__What to work on__. Pictures are to be skipped. Retype exactly the lines from the top of the material through the one with "thumbnail image 1", and only those.
☆ ☆ ☆ ☆
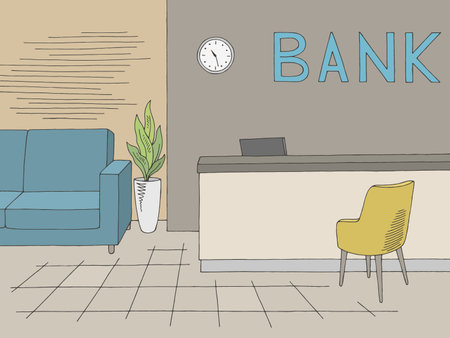 Bank interior graphic color sketch illustration vectorのイラスト素材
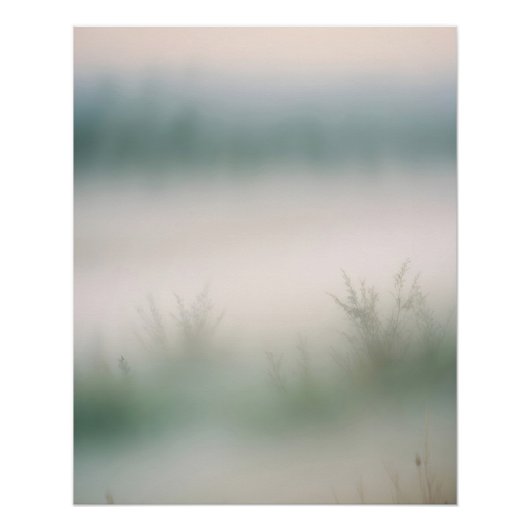 絵のような風景ミスト自然背景画 ポスター (正面)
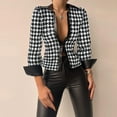 thumbnail image 1 of DailyTrove Women's Houndstooth Plaid Cropped Blazer, Chic Outerwear for Office Commute & Night Outings for women, 1 of 5
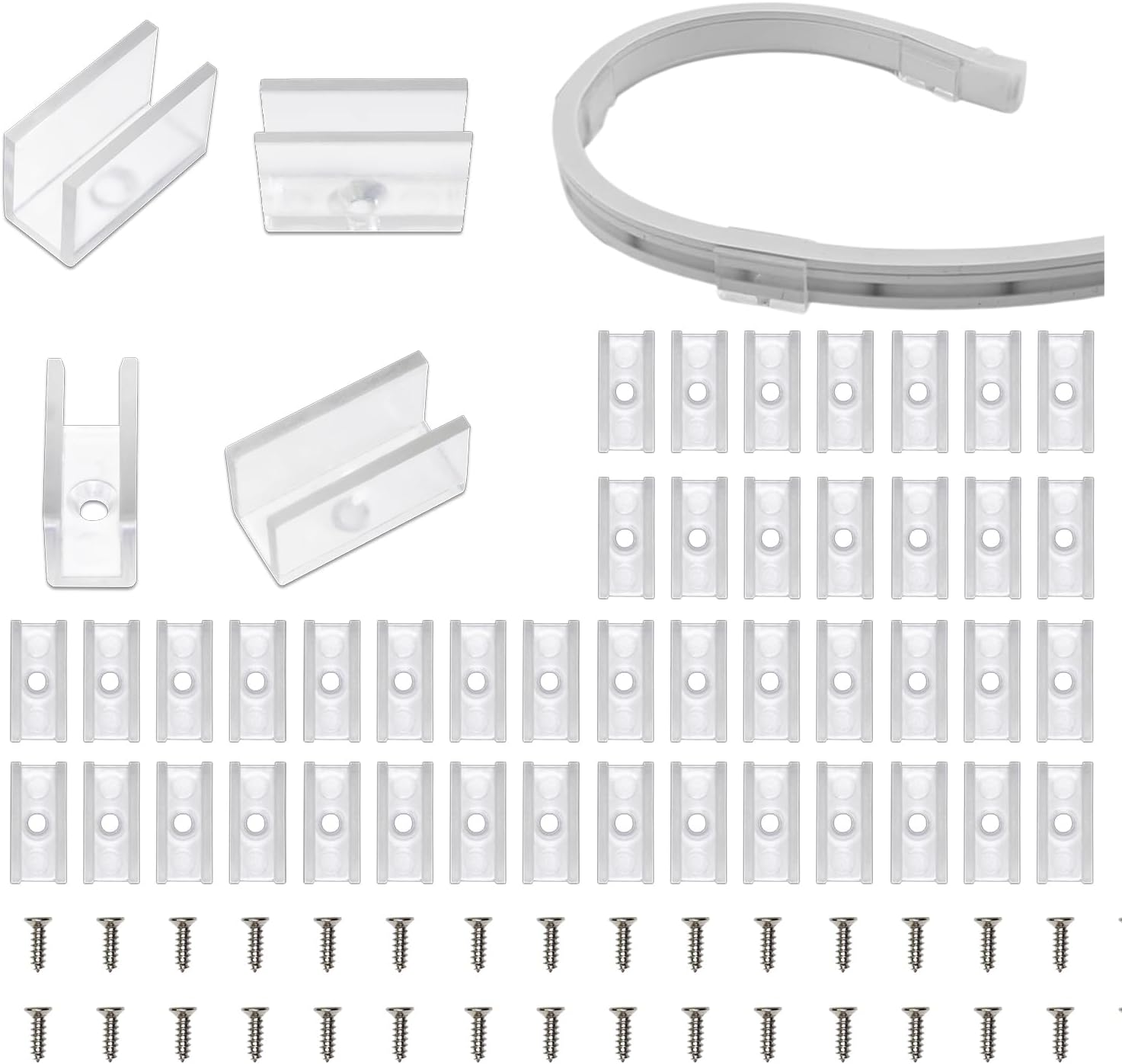 100 PCS LED Neon Strip Light Clips, 6x12mm Led Rope Light Clips with Screws, Led Neon Strip Brackets for Signs DIY
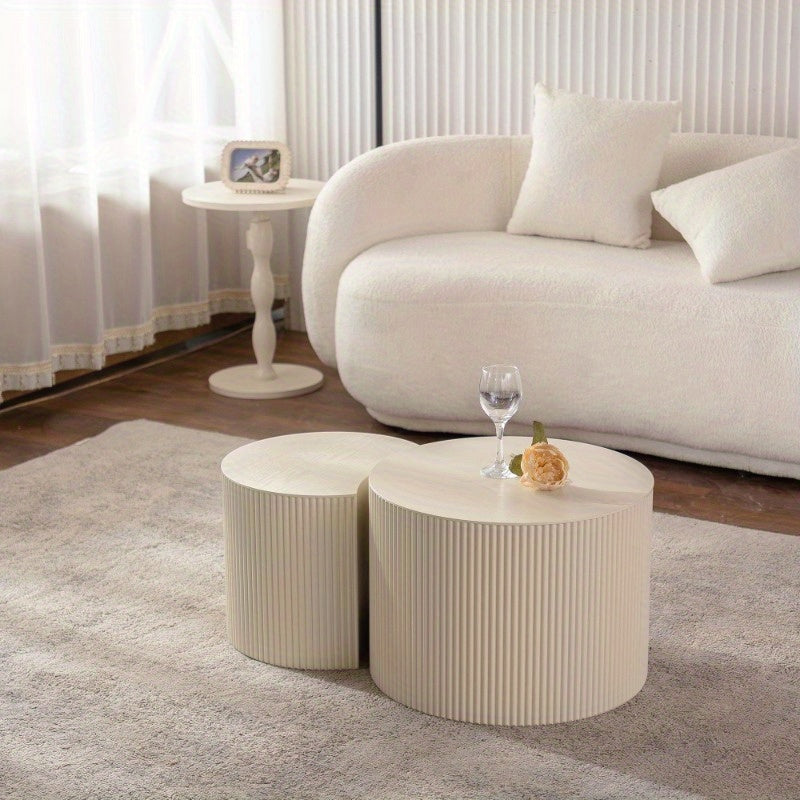 Small Space Round Coffee Table – Modern Center Table (No Assembly Needed)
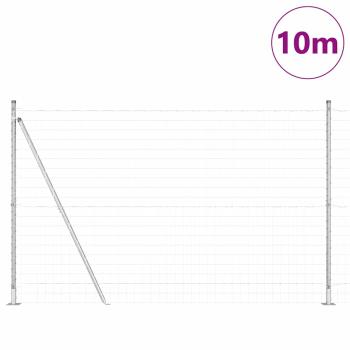 Euro Zaun mit 7 Flanschpfosten 1,4x10 m Galvanisierter Stahl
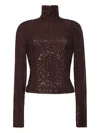 Cara Cara Piper Sequin Turtleneck Top In Brown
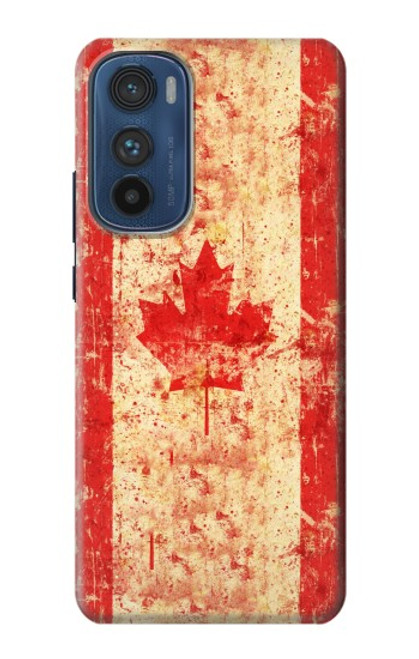 W1603 Canada Flag Old Vintage Hard Case and Leather Flip Case For Motorola Edge 30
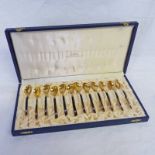 CASED SET OF 12 DANISH SILVER GILT AND ENAMELLED COFFEE SPOONS MARKED 925 S
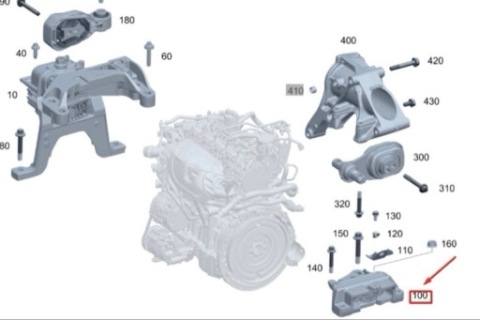 MERCEDES W177, A35 AMG НОВА ПОДУШКА КРОНШТЕЙН КОРОБКИ ПЕРЕДАЧ A2472406100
☆ ☆ ☆ ☆
__Result below__.
 Bank interior graphic color sketch illustration vectorのイラスト素材
 絵のような風景ミスト自然背景画 ポスター (正面)
 thumbnail image 1 of DailyTrove Women's Houndstooth Plaid Cropped Blazer, Chic Outerwear for Office Commute & Night Outings for women, 1 of 5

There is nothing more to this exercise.